L'Obombrée signifie celle qui a reçu une ombre. Précisément, celle qui a été couverte d'ombre. Ce mot vient du latin ob-umbrare : recouvrir d'ombre, « engrotter » de nuit.


Dans Luc I – 35, dialogue entre Gabriel et Marie : "Le messager répond et lui dit : "Le souffle sacré viendra sur toi, la puissance du Suprême t'obombrera." (traduction André Chouraqui)


D'emblée, ce mot s'oppose à la tradition des révélations et autres illuminations, au miracle de la lumière de l'entendement et du mystère subitement dévoilé. L'obombrement indique au contraire que la vie se transmet dans la nuit, dans l'obscur et l'incompréhensible.


En réunissant trois héroïnes mythologiques, grecque (Antigone), juive (Marie) et contemporaine (Alexandrie), L’Obombrée nous parle d’un même mouvement : celui de la singularisation. Trois femmes au seuil de leur vie doivent prendre des risques mortels pour devenir elles-mêmes, tant leur désir porte à contre-sens du pouvoir établi. Elles posent la question de l’appartenance : est-il possible de vivre dans un « nous » qui ne soit pas fait que de « même » ? Faut-il renoncer à soi-même pour trouver place dans le bal ? L’une et l’autre sont confrontées à la loi et à l’inceste : Loi de Créon et Loi du Père.

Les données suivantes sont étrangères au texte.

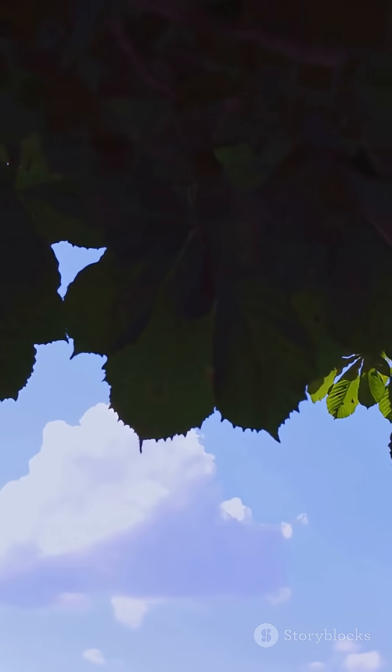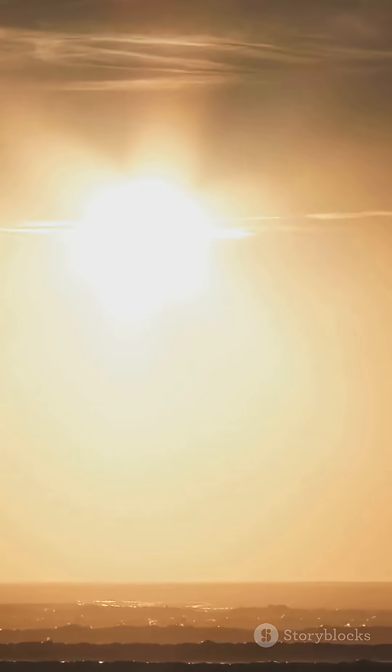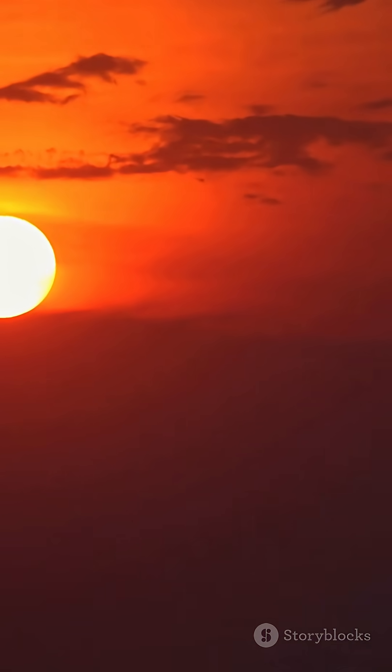And here is a fun fact. At sunrise and sunset, the sunlight has to travel through much more atmosphere. The blue light gets scattered away, leaving the reds and oranges to fill the sky.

Elles cherchent à se situer face à la violence qui les entoure. Par un jeu de miroirs, Marie met en lumière les motifs personnels d’Antigone : son refus n’est pas que politique, il dit aussi son impossibilité à devenir mère, son angoisse à transmettre les souillures familiales dont elle est issue. Antigone révèle le courage de Marie qui se met au ban de la communauté en choisissant de vivre sa rencontre avec l’ange. Adultère, elle est bannie hors du peuple de la Loi et condamnée à la lapidation. Quels sont ces deux célèbres « oui » et « non », de quoi sont-ils faits ? Alexandrie dit l’espace intérieur commun aux trois femmes, là où affirmer son désir est de même souche que s’opposer à une démence politique. Où résistance civile et intimité creusent pareillement l’écart où apparaître dans sa singularité.

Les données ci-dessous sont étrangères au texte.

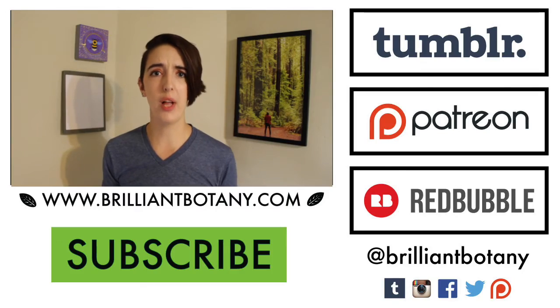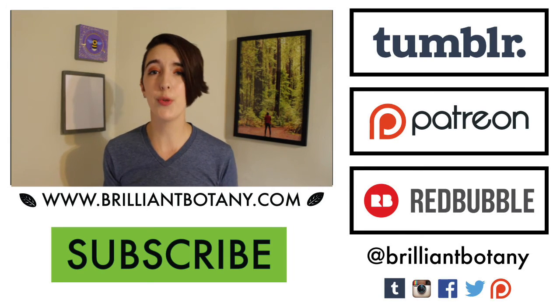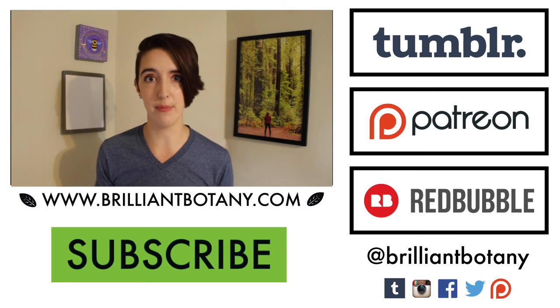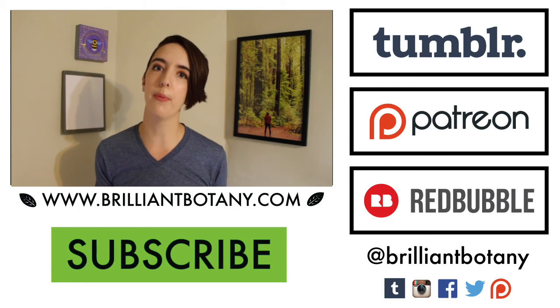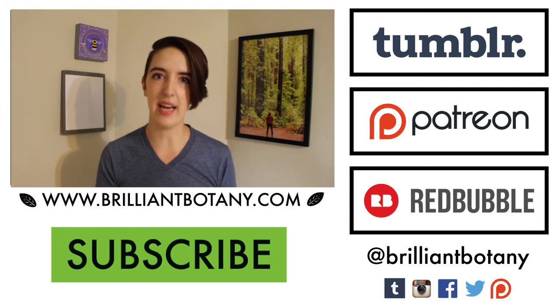I hope you've been well while I've been away moving and starting a new job. You should tune in next week for a new video about circadian rhythms in plants. Don't forget to hit the like and subscribe button, and if you'd like to support me and help Brilliant Botany grow, you can support me over on Patreon. Thanks so much for watching, and I'll see you next time.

De chacune, nous avons déjà entendu parler. Si je me souviens bien, ça parle de… rébellion, de… miracle, d’anéantissement… ? C’est dans ces pointillés, dans ces suspensions de la mémoire collective, que L’Obombrée ouvre des pistes inédites. En confrontant ces personnages, imaginés dans toute leur singularité, avec les grands mythes auxquels ils appartiennent, le théâtre invente un espace d’expérimentation où interroger l’appartenance à un groupe et le fragile équilibre entre soi et les autres, entre le dedans et le dehors.


La subjectivité de l’auteur-comédienne redessine le monde : si quelque chose de ces personnages aujourd’hui encore "joue" en elle, c’est qu’il y a sens à ce que l’intime et le très vaste se rencontrent. Pouvoir dire l’intime étant peut-être la condition pour pouvoir dire ce qui nous rassemble.